> [Task to carry out] Go through the data below and copy it exactly, skipping every picture.

> [Collected material]

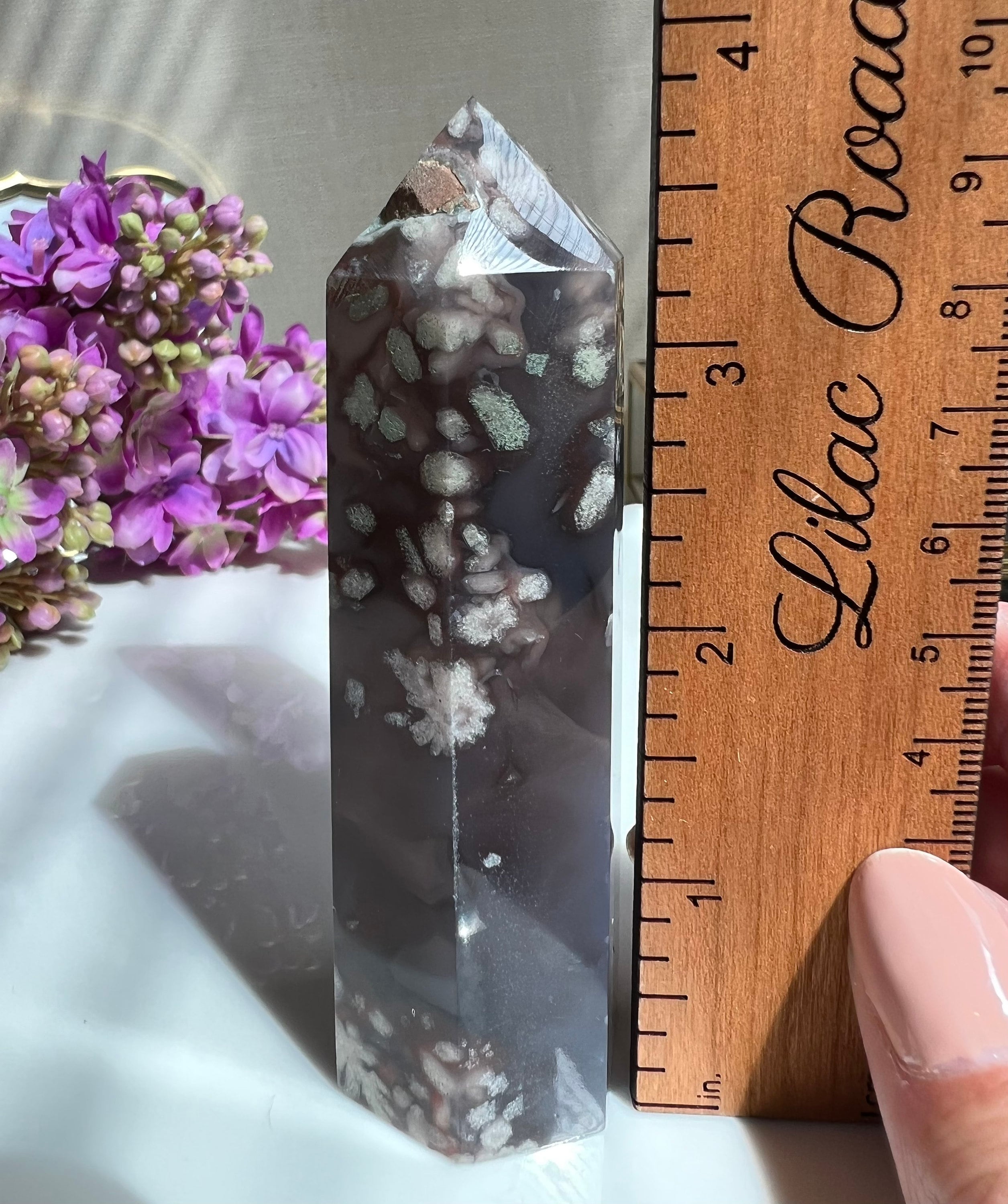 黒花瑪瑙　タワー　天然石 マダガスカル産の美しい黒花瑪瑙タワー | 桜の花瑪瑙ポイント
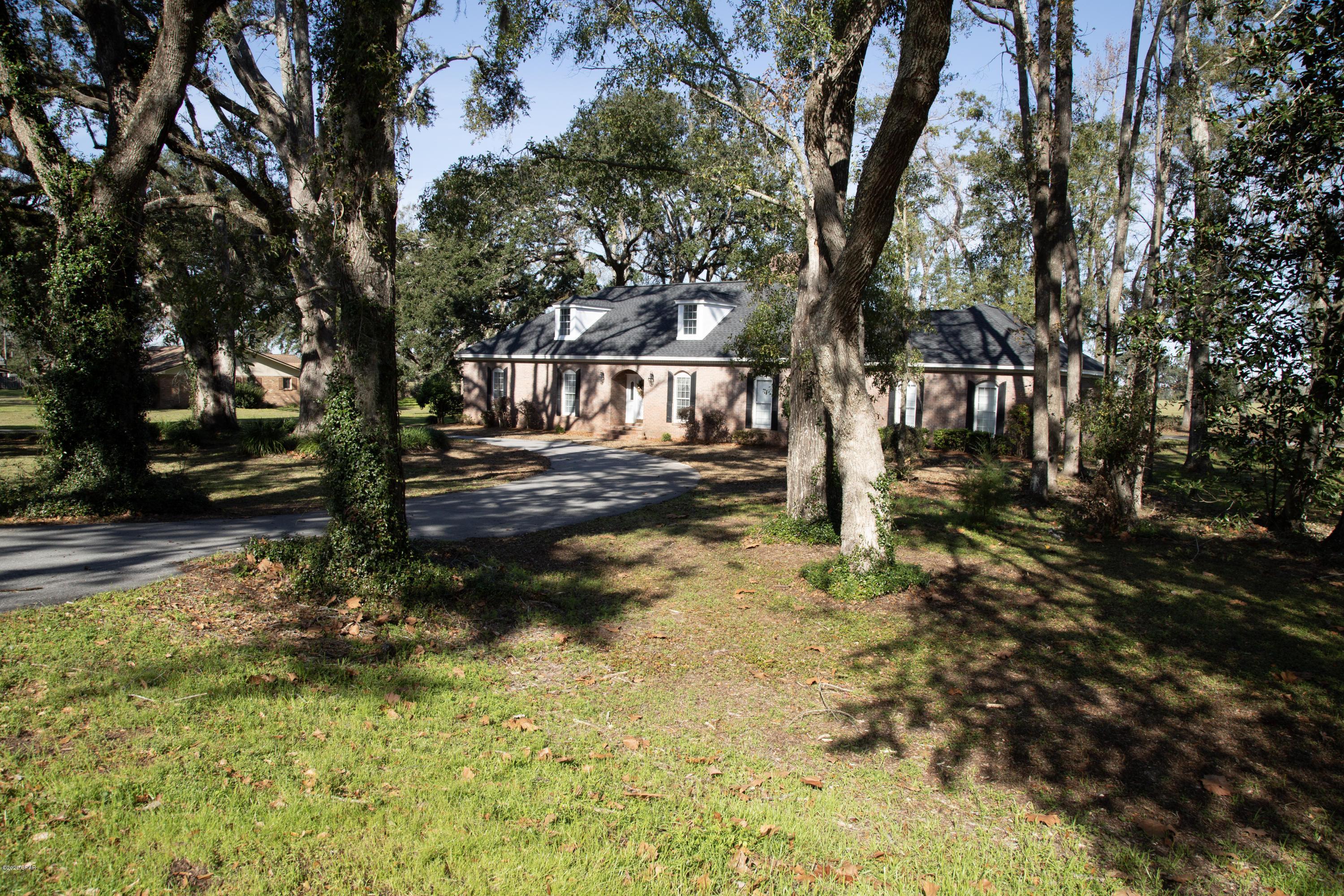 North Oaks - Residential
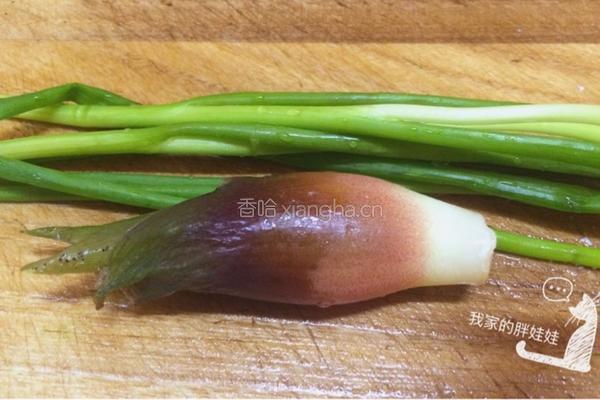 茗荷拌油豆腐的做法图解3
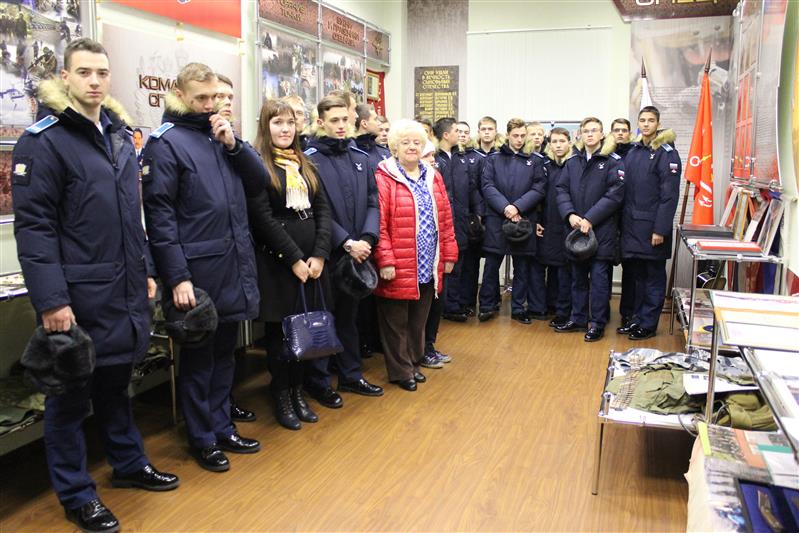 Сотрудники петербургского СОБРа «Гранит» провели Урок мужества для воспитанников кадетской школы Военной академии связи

> [Exercise result]
 黒花瑪瑙　タワー　天然石 マダガスカル産の美しい黒花瑪瑙タワー | 桜の花瑪瑙ポイント
 North Oaks - Residential
 茗荷拌油豆腐的做法图解3
 Сотрудники петербургского СОБРа «Гранит» провели Урок мужества для воспитанников кадетской школы Военной академии связи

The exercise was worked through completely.